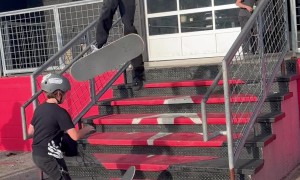 Kid Walks in Front of Guy Trying a Tre Flip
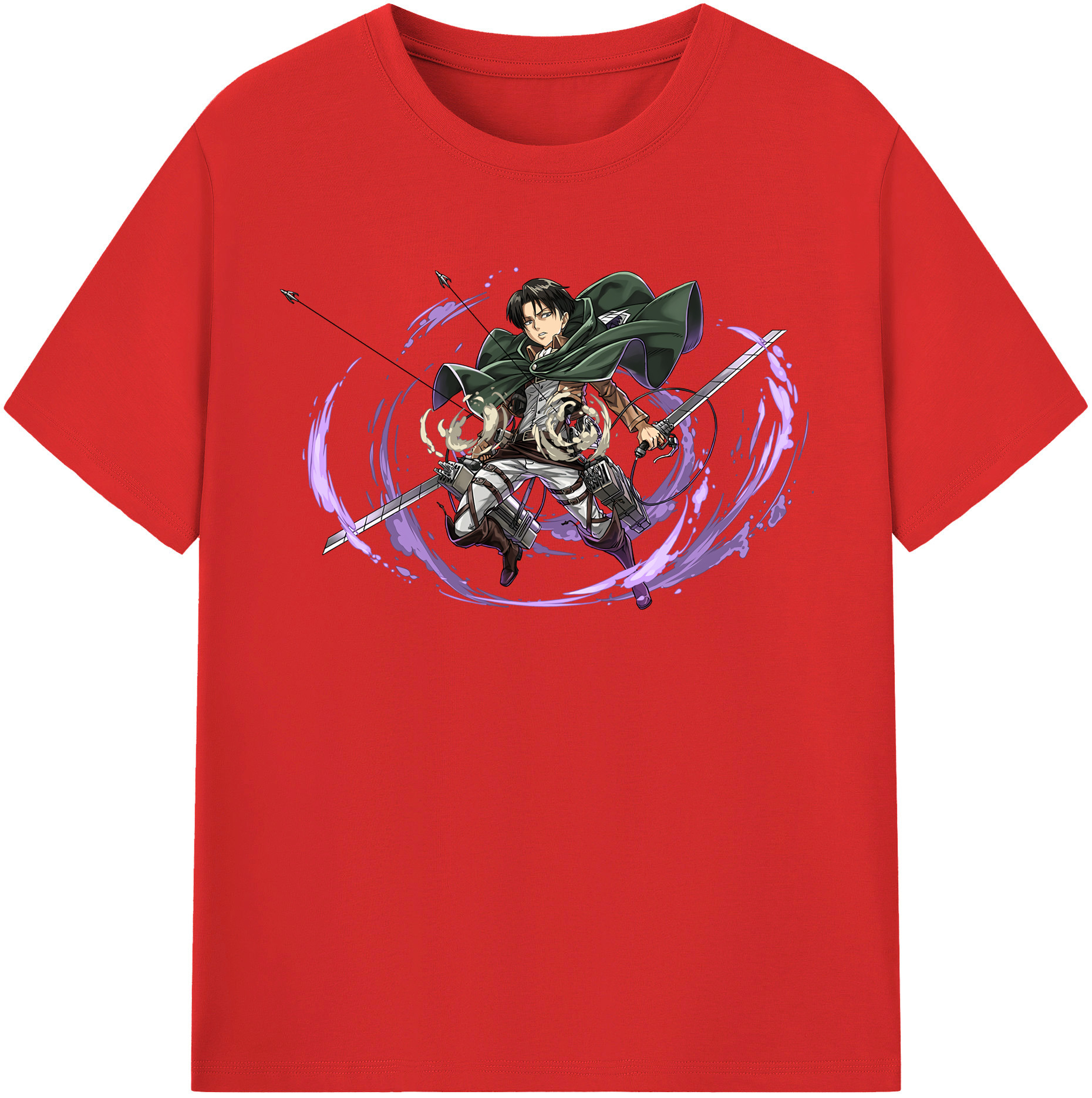 （画像用） 進撃の巨人 リヴァイ·アッカーマン Attack on Titan Levi Ackerman レディースカジュアルプリントTシャツ（綿100％）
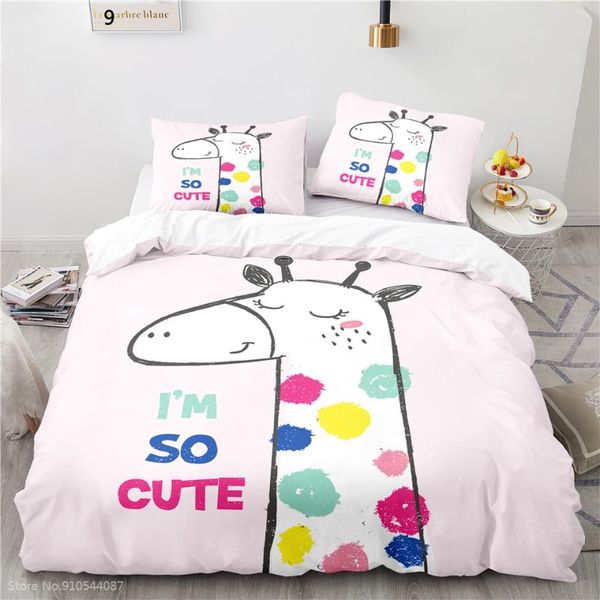 

bedding sets cartoon giraffe set 3d duvet cover pillowcase twin full  king size boys girls kids bedroom decor nordic style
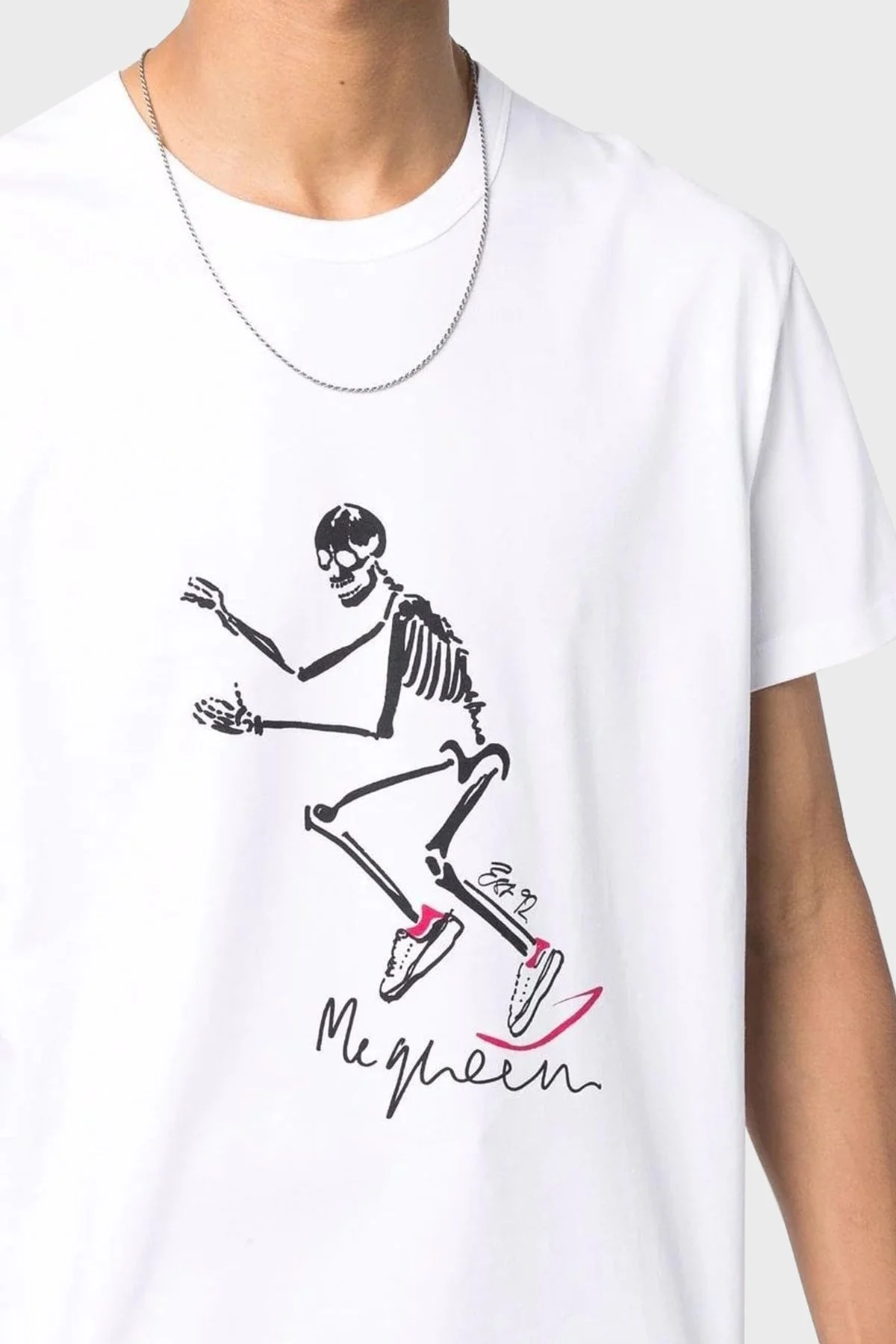 Mcqueen Baskılı Pamuklu Bisiklet Yaka Erkek T Shirt 682531QSZ63 0900 BEYAZ - 8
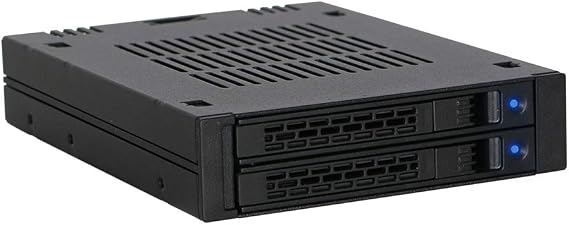 ICY DOCK 2 Bay 2.5 SAS/SATA HDD/SSD Mobile Rack for External 3.5 Bay | ExpressCage MB742SP-B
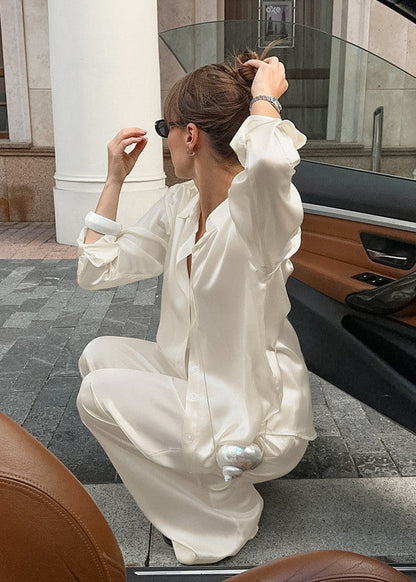 Satin Relaxed Shirt And Pants Two Piece Set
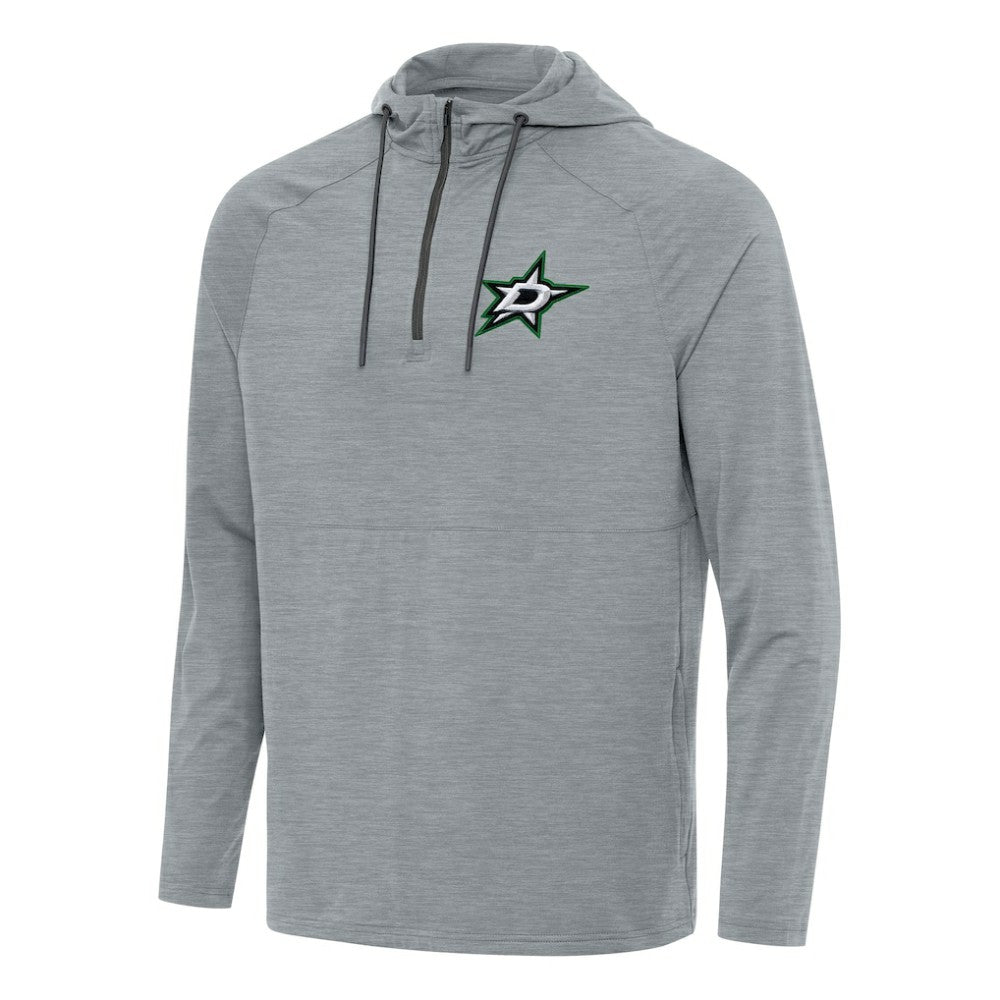 NHL Heather Gray Dallas Stars Antigua Spikes Quarter-Zip Hoodie
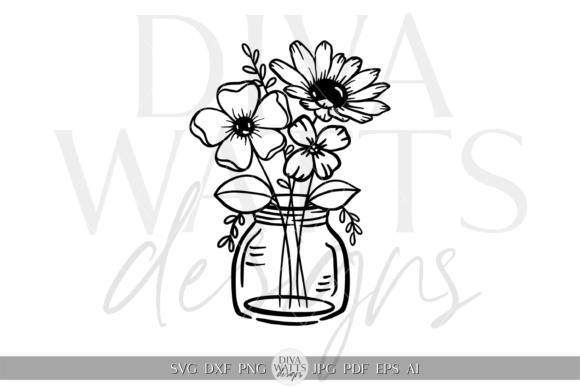 Download Flowers in Vase Silhouette Clipart SVG - Flowers Collection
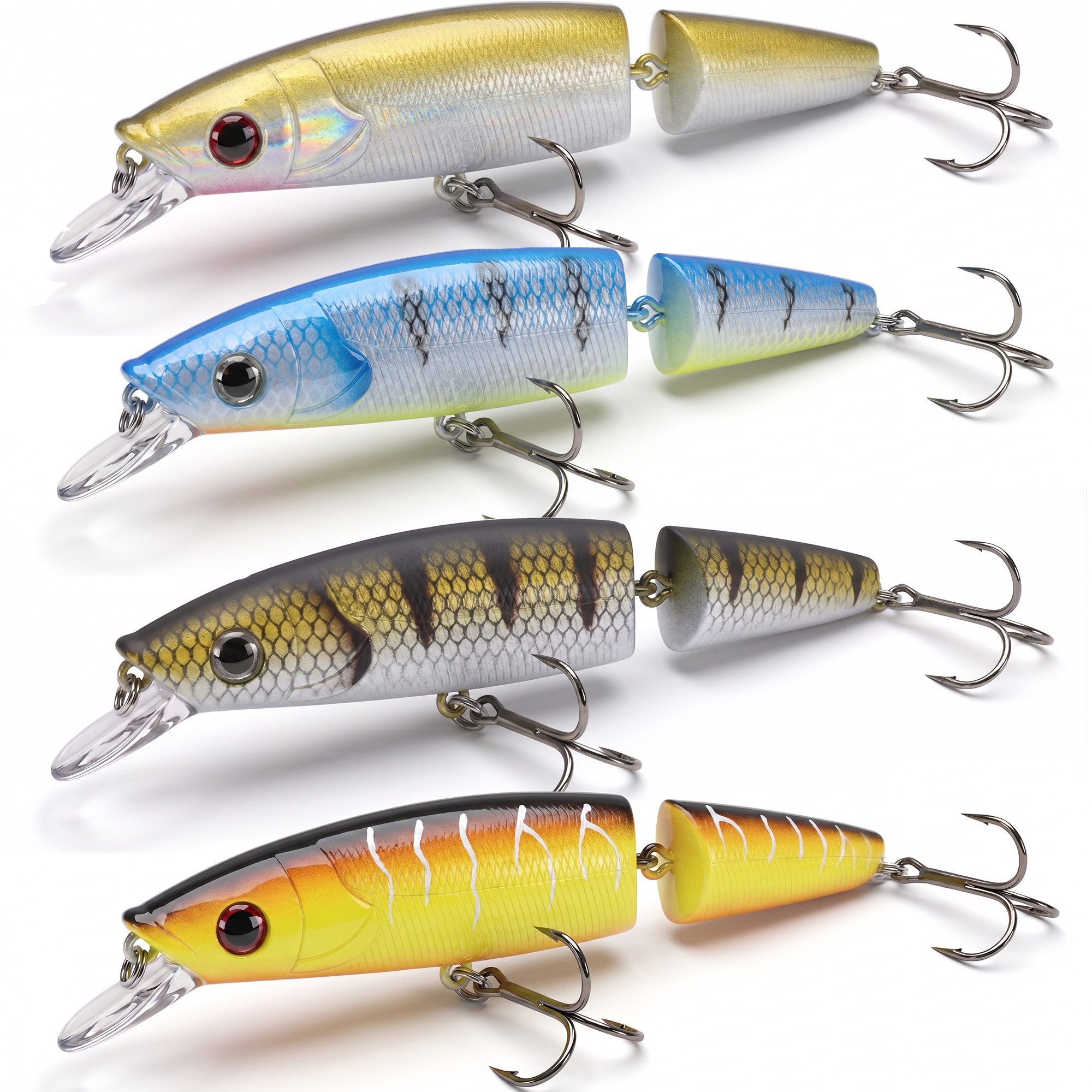 Paradox Fishing Kunstköder Hecht Wobbler Set 12,5cm/21,5g I 13,5cm/21g, (4er Set), REALISTISCHER LAUF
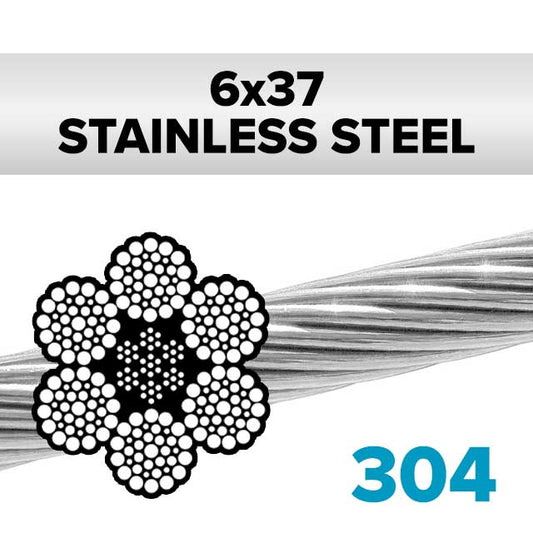 6x37 Stainless Steel Wire Rope - Type 304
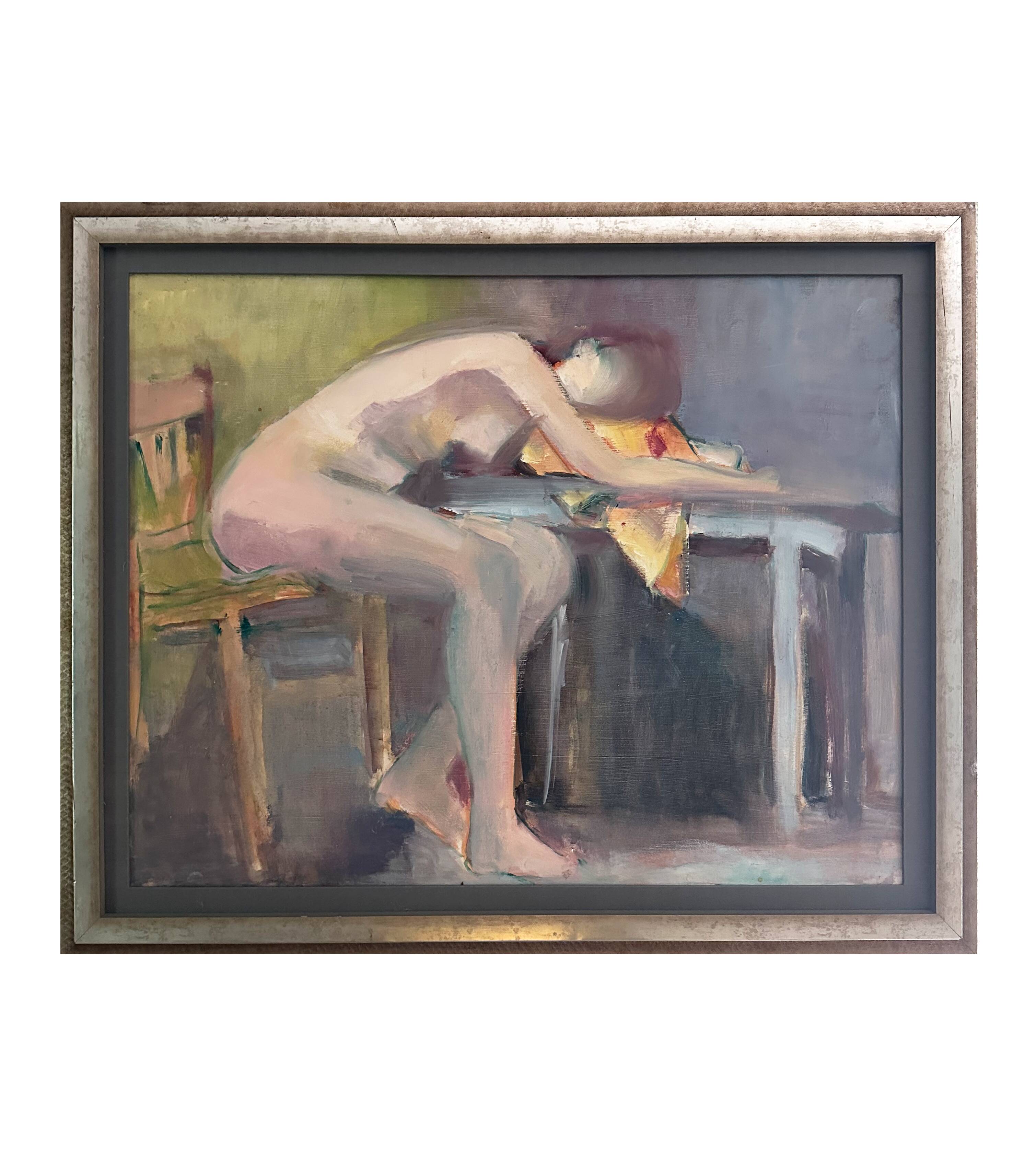 Original French figurative painting from the 70s signed Marais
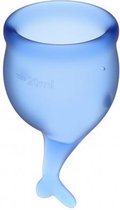 Bundle - Satisfyer - Satisfyer Feel Secure Menstruatie Cup Set - Blauw met glijmiddel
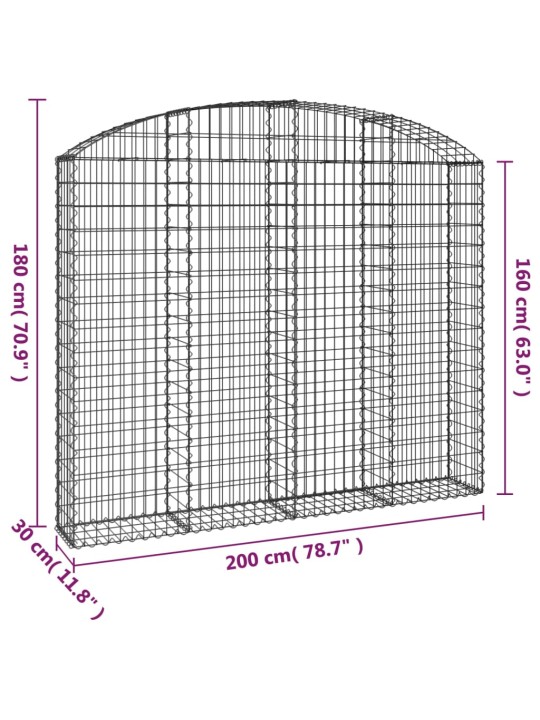Klenutý gabionový koš 200 x 30 x 160/180 cm pozinkované železo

----

> **Exercise requirements**: Only the lines from the line holding "Paradox Fishing Kunstköder" through the last line above belong in the answer, repeated exactly; the pictures do not.

> **Completed exercise**:
 Paradox Fishing Kunstköder Hecht Wobbler Set 12,5cm/21,5g I 13,5cm/21g, (4er Set), REALISTISCHER LAUF
 6x37 Stainless Steel Wire Rope - Type 304
 Original French figurative painting from the 70s signed Marais
 Bundle - Satisfyer - Satisfyer Feel Secure Menstruatie Cup Set - Blauw met glijmiddel
Klenutý gabionový koš 200 x 30 x 160/180 cm pozinkované železo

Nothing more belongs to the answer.